Leaving out all pictures, write out word for word the lines from the one containing "自然光实拍，18K金镶嵌冰飘" to the end of the data below.

Available data
=== Begin Enclosure ===
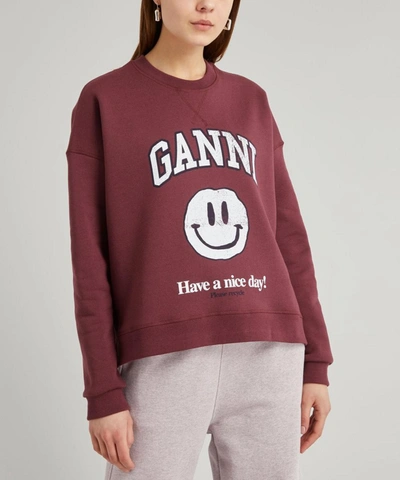 Shop Ganni Face Logo Sweater In Burgundy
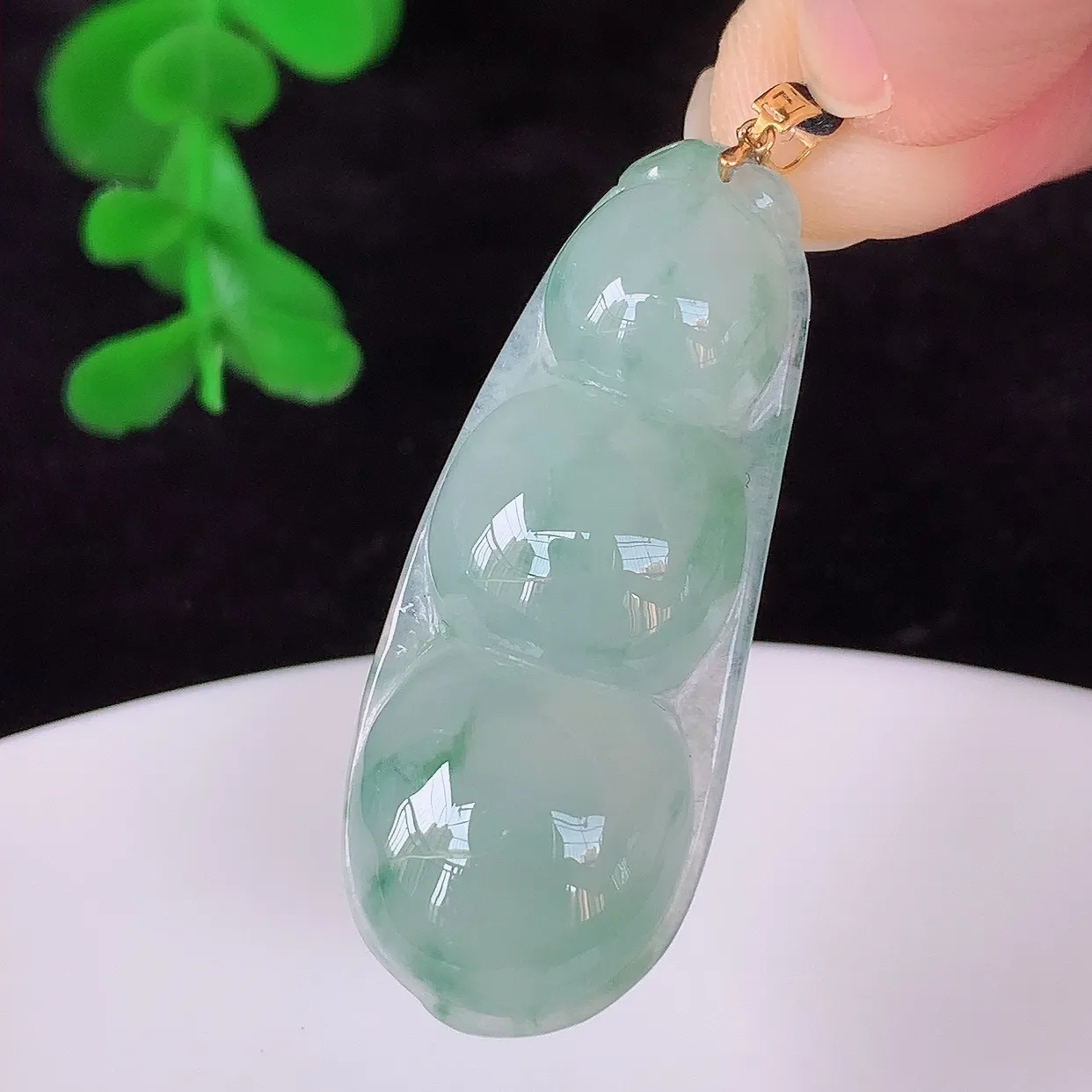 自然光实拍，18K金镶嵌冰飘花翡翠四季豆吊坠，平安豆福豆玉坠，冰润通透，豆粒饱满，寓意：豆蔻年华！#49.20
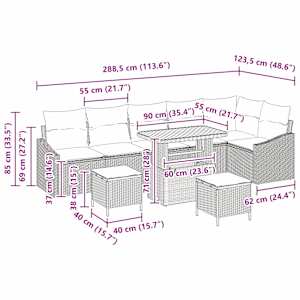Sada zahradních pohovek s polštářem 9 pcs Béžová Poly ratan - obrázek 12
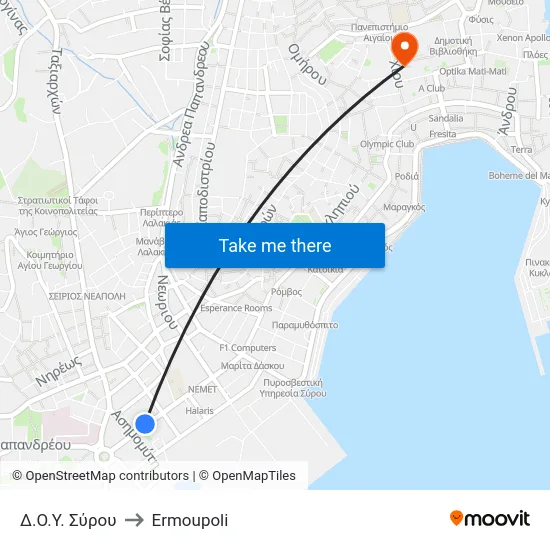 Δ.Ο.Υ. Σύρου to Ermoupoli map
=== End Enclosure ===
Result for this exercise
 自然光实拍，18K金镶嵌冰飘花翡翠四季豆吊坠，平安豆福豆玉坠，冰润通透，豆粒饱满，寓意：豆蔻年华！#49.20
Sada zahradních pohovek s polštářem 9 pcs Béžová Poly ratan - obrázek 12
 Δ.Ο.Υ. Σύρου to Ermoupoli map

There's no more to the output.